> RECORDS FOR THIS TASK
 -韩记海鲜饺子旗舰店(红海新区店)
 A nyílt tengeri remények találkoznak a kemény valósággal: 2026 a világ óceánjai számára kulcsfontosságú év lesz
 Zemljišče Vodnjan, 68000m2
...
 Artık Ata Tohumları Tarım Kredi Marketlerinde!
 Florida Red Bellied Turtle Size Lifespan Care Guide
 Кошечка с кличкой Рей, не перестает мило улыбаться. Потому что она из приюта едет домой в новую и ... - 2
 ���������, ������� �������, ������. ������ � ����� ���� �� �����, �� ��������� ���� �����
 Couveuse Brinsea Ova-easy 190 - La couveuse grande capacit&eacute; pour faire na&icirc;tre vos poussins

> EXERCISE
From the material above, set down exactly the lines between the line holding "-韩记海鲜饺子旗舰店(红海新区店)" and the line holding "Zemljišče Vodnjan, 68000m2", inclusive. Include nothing else.

> PROBLEM SOLUTION
 -韩记海鲜饺子旗舰店(红海新区店)
 A nyílt tengeri remények találkoznak a kemény valósággal: 2026 a világ óceánjai számára kulcsfontosságú év lesz
 Zemljišče Vodnjan, 68000m2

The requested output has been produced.